The dark entry of the south door leads not only into the Cathedral and up to the CÁmara Santa, but also through a side door opens on to the fourteenth-century cloisters. They are well kept and the little garden court a paradise in comparison with some of those I know. The capitals of the columns are well carved with prophets and saints under canopies, angels and angels' heads, grotesques and good floral cutting; while into the walls beneath them and round the arcades are let many tombs and gravestones brought here from different ruined or desecrated churches.

I went off one morning to see the earliest Christian church in the country. Braving the rain I tramped through mud ankle-deep for an hour up the hill slopes westward. It was a case of two steps forward and one back, but the spirit of the tourist was on me. I could not leave Oviedo and acknowledge I had not been to Naranco. I was desperate and I got there. What a charming out-of-the-way spot it is! Hidden behind a grove of ancient chestnut trees, under the brow of the mountain, stands Santa Maria.

A triple arched porch at the top of a dozen steps gives entrance on the north side to this minute and primitive place of worship. I entered and found myself in a barrel-vaulted parallelogram, with a curious arcade running round the walls. The west end is raised three steps above the nave, from which it is cut off by three arches ten feet high at the centre. The east end also has this feature, but the floor is level with the nave. All the columns in the church are of twisted cable design with shield capitals containing figures in low relief. The arcades, which are walled up, have depending from the plain groining bands slabs of cut stone with plaques below, something like a ribbon and medal in the way they hang. The interior is but thirty-five feet in length and fifteen feet across.

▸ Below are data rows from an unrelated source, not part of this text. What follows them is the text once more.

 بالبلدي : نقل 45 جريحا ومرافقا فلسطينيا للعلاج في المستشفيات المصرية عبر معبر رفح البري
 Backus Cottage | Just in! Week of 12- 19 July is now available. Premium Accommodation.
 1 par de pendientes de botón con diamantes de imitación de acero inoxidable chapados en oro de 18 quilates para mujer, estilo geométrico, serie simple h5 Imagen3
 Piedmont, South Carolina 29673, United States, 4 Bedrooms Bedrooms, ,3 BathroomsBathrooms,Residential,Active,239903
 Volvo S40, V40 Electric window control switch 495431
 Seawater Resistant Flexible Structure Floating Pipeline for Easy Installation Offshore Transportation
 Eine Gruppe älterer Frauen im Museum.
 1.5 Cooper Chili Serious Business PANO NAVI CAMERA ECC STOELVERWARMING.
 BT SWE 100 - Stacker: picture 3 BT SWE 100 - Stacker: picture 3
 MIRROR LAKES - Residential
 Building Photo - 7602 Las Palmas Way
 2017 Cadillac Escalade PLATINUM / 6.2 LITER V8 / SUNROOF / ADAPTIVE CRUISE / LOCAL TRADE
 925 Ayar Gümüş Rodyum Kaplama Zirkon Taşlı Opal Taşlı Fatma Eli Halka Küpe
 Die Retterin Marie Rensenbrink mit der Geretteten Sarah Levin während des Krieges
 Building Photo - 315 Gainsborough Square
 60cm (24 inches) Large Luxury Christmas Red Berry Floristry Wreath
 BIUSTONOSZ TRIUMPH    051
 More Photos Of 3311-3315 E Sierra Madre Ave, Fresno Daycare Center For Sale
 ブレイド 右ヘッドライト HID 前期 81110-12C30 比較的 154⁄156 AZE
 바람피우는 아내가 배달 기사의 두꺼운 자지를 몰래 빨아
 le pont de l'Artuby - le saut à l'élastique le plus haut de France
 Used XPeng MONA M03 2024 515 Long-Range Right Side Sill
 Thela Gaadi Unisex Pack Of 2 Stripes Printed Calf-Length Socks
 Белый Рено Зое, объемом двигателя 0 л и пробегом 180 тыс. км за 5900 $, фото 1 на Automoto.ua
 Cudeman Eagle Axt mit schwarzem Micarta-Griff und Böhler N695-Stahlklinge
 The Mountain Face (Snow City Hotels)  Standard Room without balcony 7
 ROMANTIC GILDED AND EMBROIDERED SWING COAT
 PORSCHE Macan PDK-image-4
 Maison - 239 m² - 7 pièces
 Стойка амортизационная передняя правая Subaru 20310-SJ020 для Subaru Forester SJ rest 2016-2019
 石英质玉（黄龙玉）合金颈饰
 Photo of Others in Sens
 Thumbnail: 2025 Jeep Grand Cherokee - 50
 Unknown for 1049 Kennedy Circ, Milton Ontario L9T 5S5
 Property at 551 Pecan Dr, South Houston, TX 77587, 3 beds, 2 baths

Beneath the church is a semicircular stone crypt, similar to that beneath the CÁmara Santa; it is entered from the cottage in which at one time lived the officiating priest. The caretaker inhabits this cottage, which is built on to the church, and I had come at her dinner hour. Alas! she could not leave me in peace, and I must own to a defeat. I was practically driven away, for the meal was spoiling and required her undivided attention, but I had seen Santa Maria de Naranco; I had grasped how in the early days, when the Infidel was overrunning the land, this little building on the lone hillside was a centre of the Faith, and how from the surrounding mountain fastnesses worshippers had gathered here and gone away strengthened by prayer, and how from this little seed of the Church sown on the forest-clad hill Spain's mightiness had grown.